Here’s A “War On Christmas” Angle I Was Not Aware Of….The War On Hannukah

In Portsmith, New Hampshire,  the UNH & Seacoast Chabad Jewish Center requested that a 9-foot  menorah be placed in Portsmouth’s Market Square during the eight days of Hanukkah this December (22nd-30th). Blogger Jeff Dunitz, whose platform is the excellent blog, The Lid, darkly predicts that Portsmith will soon be headed to “Fesivus” like neighboring Durham, which has banned the tree-lighting ceremony (yes, it’s a “holiday tree”) as well as the wreaths thatthe town had previously displayed on town light poles.  The town council appareently feared that they were too much of a Christmas reference. Town manager Todd Selig said the town might agree to hang something from the poles, “non-descript star,” to “add light and festivus” to the season.

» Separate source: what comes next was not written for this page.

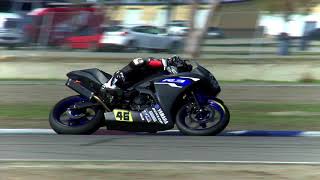 Graves Yamaha YZF-R3 Support Program Rider Feature Gauge Rees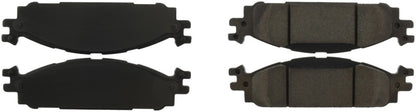 StopTech Street Disc Brake Pads - 305.15080 Stoptech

Dunitz is offended by something else.

“It makes me crazy… the Jewish organizations trying to push for a Chanukiah [the proper name for a menorah, he explains] next to every Christmas tree do not comprehend the full meaning of Hanukkah.”

He continues,

Nothing goes against the true meaning of Chanukah more than placing a Chanukkiyah near a “holiday tree” or using a Magen David (Jewish star) as a tree ornament. The true meaning of Chanukah is the exact opposite of that multicultural rubbish.

Only one part of the story was the Maccabees fight for getting the Syrian-Greeks out of Israel, and the cleansing and dedication of the Temple. The Hanukkah Story is about a civil war amongst the Jews. Judah Maccabee and the boys were fighting other Jews who had turned away from their faith by combining it with Greek/Hellenistic practices. The resulting assimilation caused a loss of Jewish faith and tradition, and eventually, the Hellenists laws against practicing Jewish rituals.

Let me suggest that if Matthias and his sons were alive today, they would be fighting every Jew who wanted a nine-foot menorah next to a Christmas tree, a star of David next to a cross, or even the massive multi-holiday Christmas, Chanukah, Kwanzaa, Festivus and Winter Solstice display.

I would also suggest that all Jewish people who celebrate both holidays [by having]  a Christmas Tree for the kids, a Hanukkah Bush, or talk about Hanukkah Harry are also missing the meaning of Chanukah. The Maccabees were horrified when an idol was placed in the holy Temple. Rather than trying to fit with “modern” culture, they wanted to make sure that the House of God was a Jewish household. To remember the Maccabees, we should do the same with ours.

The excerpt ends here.